I think what I was most discouraged by from the Bears was how ineffective their run game was. Obviously, when a team is losing they will tend to throw the ball more, and the Bears had to play catchup in the fourth quarter. But second-year pro Jeremy Langford, who took the reigns this season from Forte, looked pedestrian at best. He finished with just 57 yards on 17 carries. The Bears also did not use the committee approach at running back as many expected they would. Backup Ka’Deem Carey had just one rushing attempt for four yards. The Bears will need to commit to the ground game more if they wish to play John Fox football and if they have any intention of controlling the tempo of upcoming games.

Speaking of Langford, the guy needs to learn to tie his proverbial shoe laces, because I think he tripped on them one too many times Sunday.

Maybe we were spoiled for so long by Forte’s uncanny ability to avoid hits and maintain his balance after contact, but Langford certainly does not possess that same characteristic. There were several instances on Sunday of Langford falling down easily after being tripped up, or failing to break through arm tackles and errant body contact in the middle of traffic. If the Bears want to have a successful ground game, Langford is going to have to keep his feet and pick up yards after contact.

For Bears fans who have higher expectations than a mediocre football team — which should be everyone — there were things to be discouraged about in Sunday’s loss. As of right now, this doesn’t look like a playoff team. But for the optimistic out there, there was plenty to be encouraged about.

For starters, losing to a playoff team on the road to open a season is nothing to be ashamed about. I can pinpoint at least a half dozen other teams in the league whose fan base has to be feeling worse about their Week 1 losses this Monday morning (Saints, Chargers, Cardinals, Falcons, Panthers, Colts and Jets). All of those teams were either expected to win, or had the games in their hands and let them slip away. For the Bears, they just got beat by a better team.
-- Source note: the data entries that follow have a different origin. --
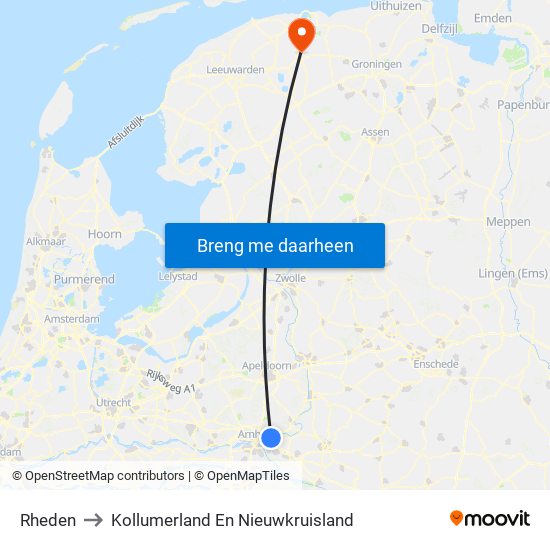 Rheden to Kollumerland En Nieuwkruisland map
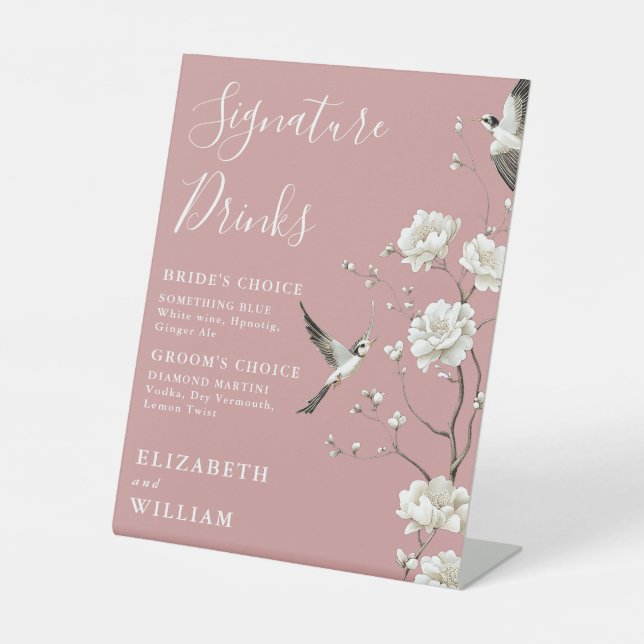 Signe De Table Dusty Rose Chinoiserie Signature Boissons Mariage (Recto)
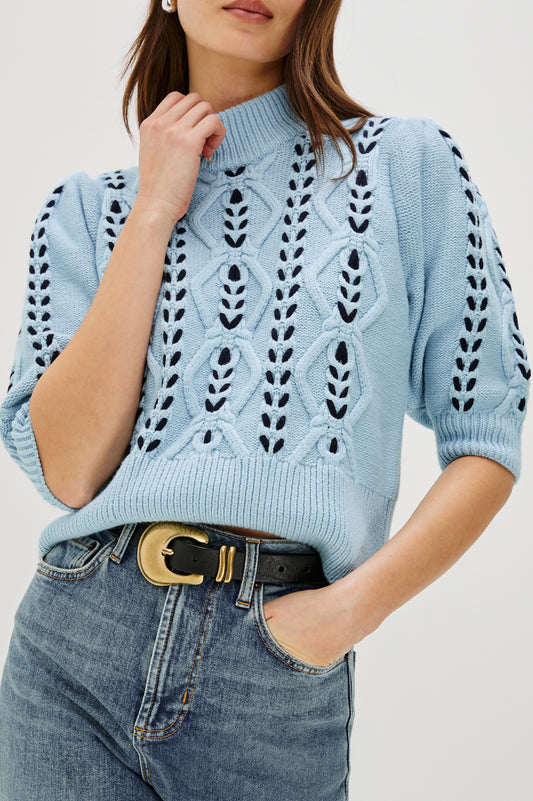 Rails short sleeve cable sweater Addy
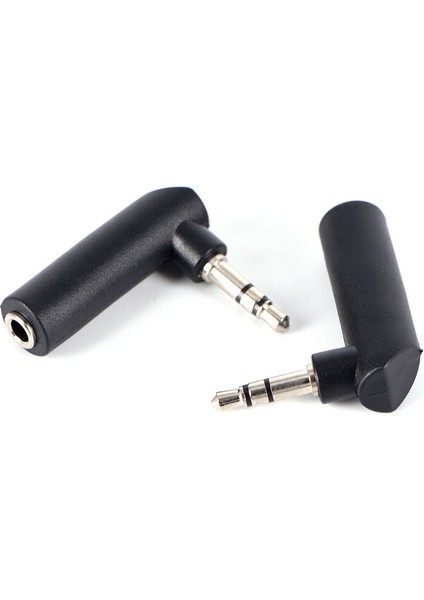 Sağ Açı 90 Derece 3.5mm 3 Kutuplu Ses Stereo Erkek - Dişi Uzatma Adaptörü (Yurt Dışından)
Rest assured, the offensive line will play better as the season progresses. Rookie center Cody Whitehair will improve with time. New guard Josh Sitton will settle in to his new team soon. Charles Leno and Bobby Massie won’t continue to look like turnstiles because they won’t be facing such pass rushers as Clowney and Mercilus every week. Kevin White will fix his “rookie” mistakes. The run game will find more room to gallop. And the pass rush will improve over time.

Keep in mind, Bears fans: the Texans are a playoff team. But the Bears’ next five opponents are the Eagles, Cowboys, Lions, Colts, and Jaguars. None of those teams are pushovers, but none are dominant, either.

I think better days still lie ahead.